The young man looked up and shook his head. “Oh Newt, he’s always here.  He’s a strange mix between a Neapolitan and a Conroy pit ball. It’s a weird breed. He’s very tough but never leaves the right side of the fence.  Don’t approach him from the left, he lacks peripheral vision and he might bite you.”

What the heck do you call a breed like that.”

He smiled and turned to reply as he was walking away.

” I think they call him a Neo-Con”

5 thoughts on “Cock-a-doodle-doo-doo

  1. Pat March 11, 2012 / 11:11 am

    LOL !!!!!

  2. Jason March 11, 2012 / 1:53 pm

    Great story, enjoyed the humor, thanks for sharing.

  3. betsy sammarco March 17, 2012 / 5:33 pm

    I can so relate to the mongrel days and now have a mutt of our own – 1/2 australian shepherd – LOVED this!

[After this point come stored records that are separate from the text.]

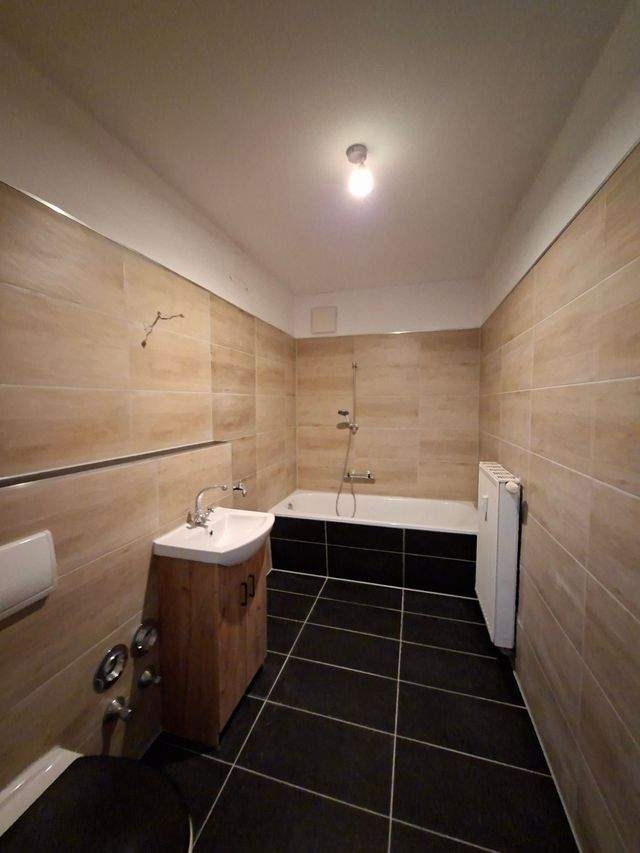 Neu sanierte 3 Raum Dachgeschosswohnung Zwickau Pölbitz ab sofort zu vermieten - Photo 5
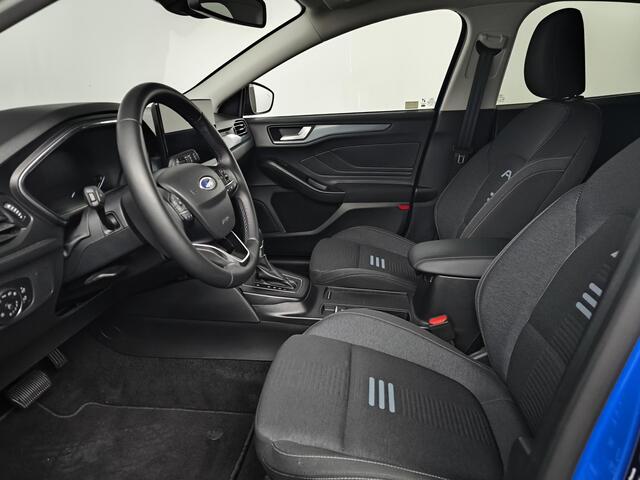 Ford FOCUS 1.0 EcoBoost Hybrid Active X | Stoelverwarming | Camera | Navigatie | Adaptive Cruise Control |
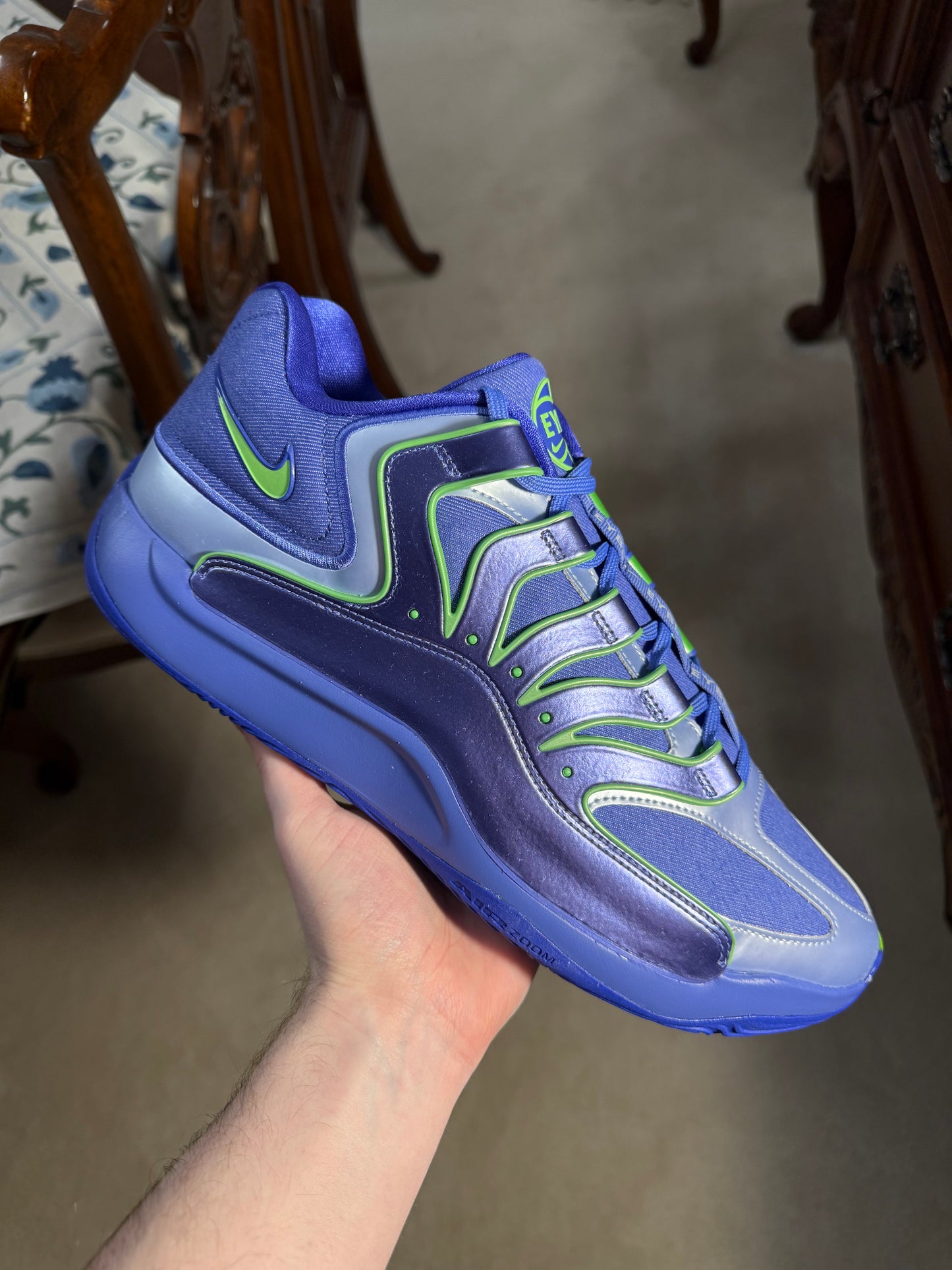 KD 18 EYBL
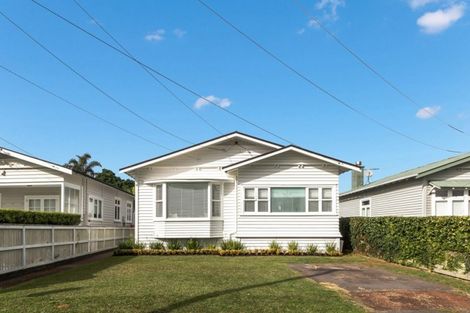 Photo of property in 14 Oban Road, Westmere, Auckland, 1022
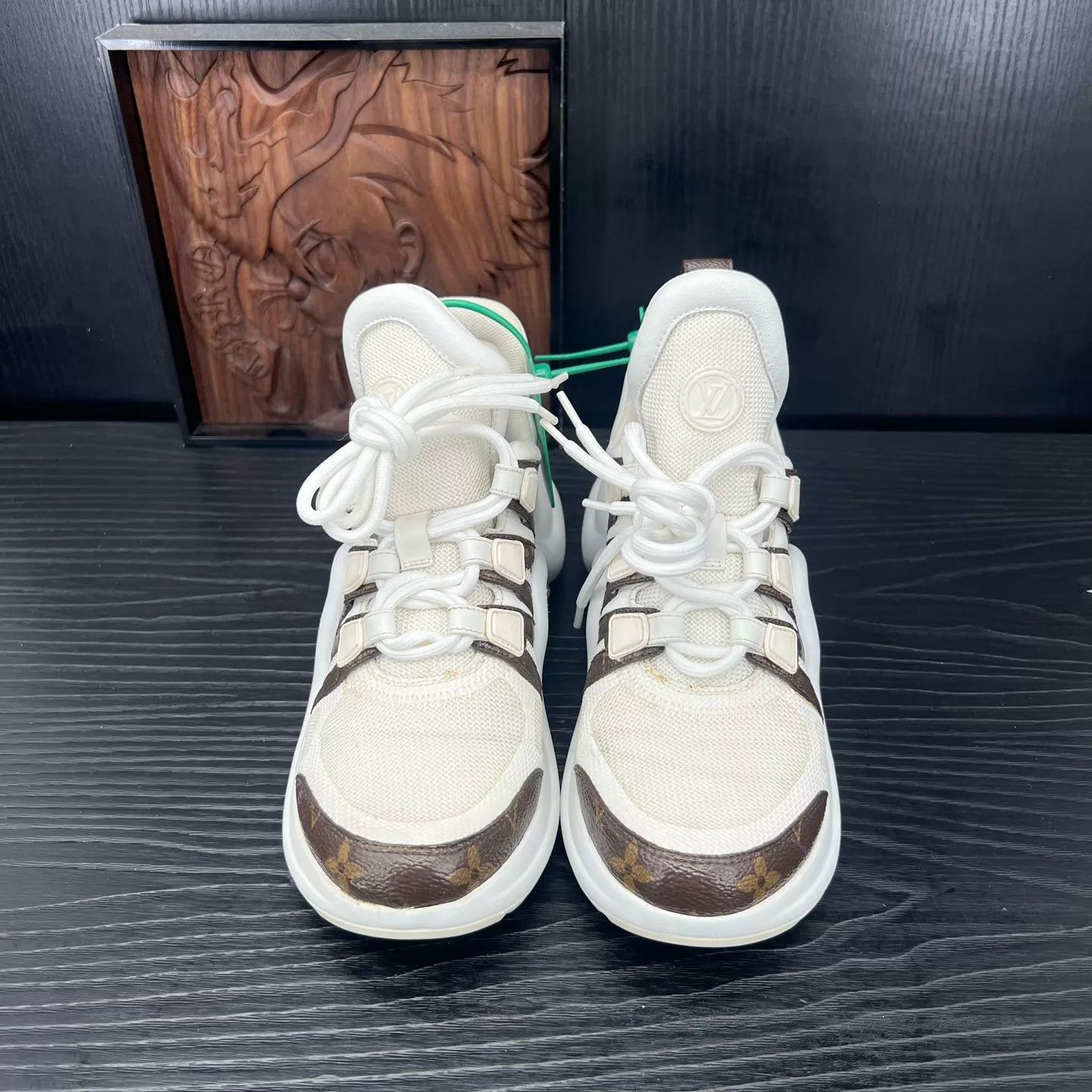 Louis Vuitton LV Archlight White Monogram Sneaker 35.5 Like New Size US 5 / IT 35 - 4 Thumbnail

  4. Dee Hodson March 22, 2012 / 10:12 am

    Hello Michael
    I am delighted to have connected to your blog- (just signed up for the feeds!). We met a while ago in Briarcliff where we discussed employer sponsored health insurance. I enjoyed your insights into corporate wellness and was wondering if you are speaking at all in the CT area? If any of your speaking venues are open for the oublic I would love to attend.

    Dee Hodson
    True Benefit LLC

    • Michael Turpin March 24, 2012 / 8:39 am

      Hey Dee,

      I just hosted a CT based seminar on the Future of Employer Sponsored Healthcare. If I do any more in the area, I will let you know. Glad you like the blog. I just wrote a book — fiction but borrowed liberally from my childhood growing up in LA with a T-Rex father and a new age mother — and three wild brothers. It is called A T-Rex By The Tale. I hope to have it published and out on Amazon and in a few bookstores within sixty days — just in time for Father’s Day. Will alert all the readers and blog followers as well as may get a few industry journals to plug me. Thanks for the note.

      If you scroll the blog, you will find several articles on healthcare under healthcare opinion and health reform. One you might enjoy is called The Great Wellness Rebellion — it is a spoof based on one employer who has healthy employees mutiny at their open enrollment meetings because they are tired of paying increases and losing benefits because unhealthy people won’t take care of themselves.